Hacker News new | ask | show | jobs
How would Git handle a SHA-1 collision on a blob? (stackoverflow.com)
33 points by ooronning 3420 days ago
2 comments

answer straight from the source: http://marc.info/?l=git&m=115678778717621&w=2
>you somehow are very very unlucky, and two files end up having the same SHA1. At that point, what happens is that when you commit that file (or do a "git-update-index" to move it into the index, but not committed yet), the SHA1 of the new contents will be computed, but since it matches an old object, a new object won't be created, and the commit-or-index ends up pointing to the _old_ object.

>You won't notice immediately (since the index will match the old object SHA1, and that means that something like "git diff" will use the checked-out copy), but if you ever do a tree-level diff (or you do a clone or pull, or force a checkout) you'll suddenly notice that that file has changed to something _completely_ different than what you expected.
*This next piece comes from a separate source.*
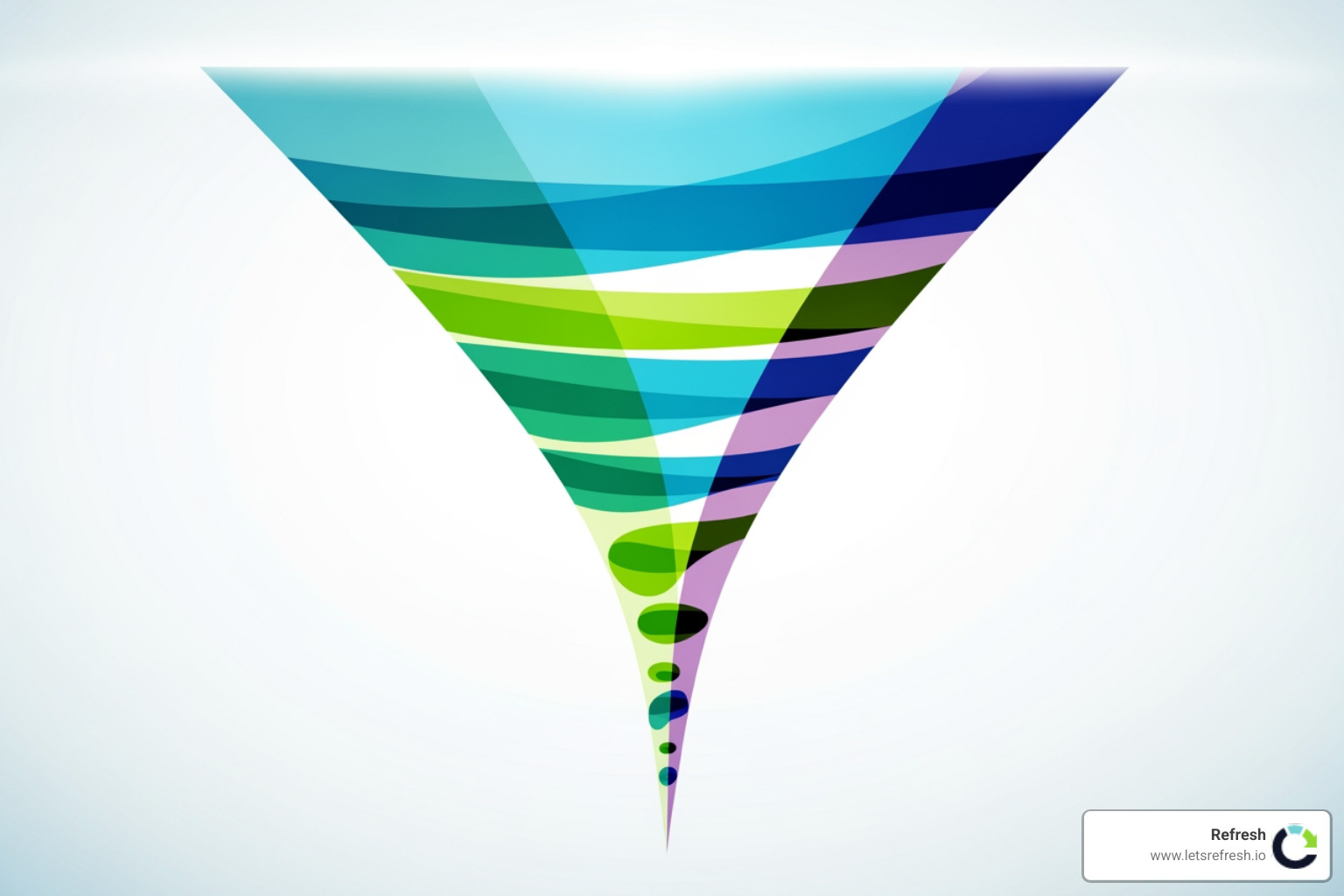 Marketing funnel stages for SMBs - SMB digital marketing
So you would generally notice this kind of collision fairly quickly.

That seems like a dangerously dubious assumption.

It would imply that every coder has a clear, accurate mental expectation of what every file should look like as of the latest commit and will notice it before further commits are added.

I consider it a good day when everyone remembers to rebase in the right order!

unless i'm reading wrong (and quite possibly i am), that may have be the behavior meant, but seems in conflict with reality:

Someone tried it, and it looks like it silently corrupted the repo

The corruption may be that their patch, that reduced git's hash to 4bit might not take all of git's internal behavior into account.